◆ Dataset excerpt:
*** Begin section ***

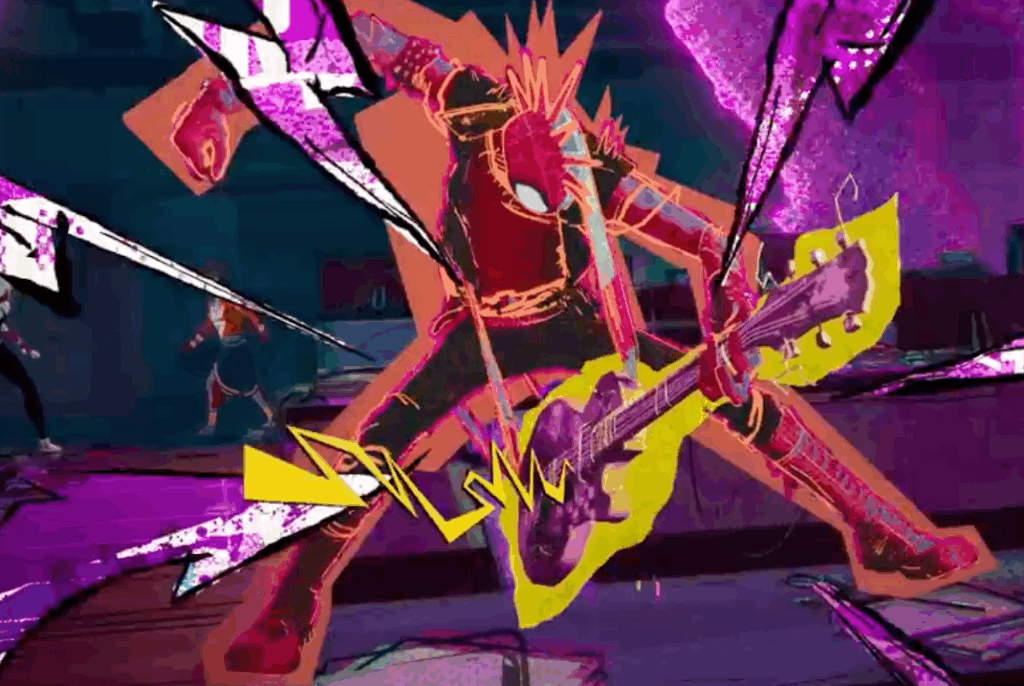 Spider-Punk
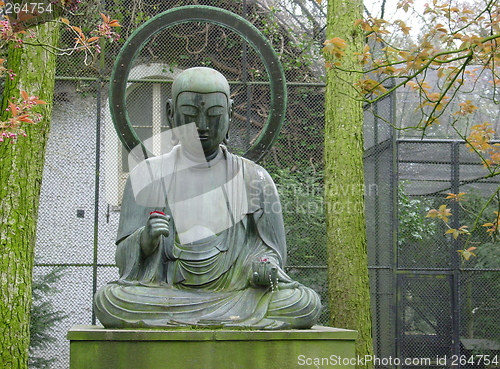 Image of Buddha Statue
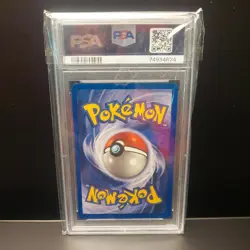 Pokemon TCG Seaking #46 1ST Edition PSA 8.5 - Image 2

*** End section ***

◆ Exercise aim: Pictures are to be omitted. The lines from the line holding "Image of Buddha Statue" through the closing line of the data above are to be set down exactly, and nothing more.

◆ Answer space:
 Image of Buddha Statue
 Pokemon TCG Seaking #46 1ST Edition PSA 8.5 - Image 2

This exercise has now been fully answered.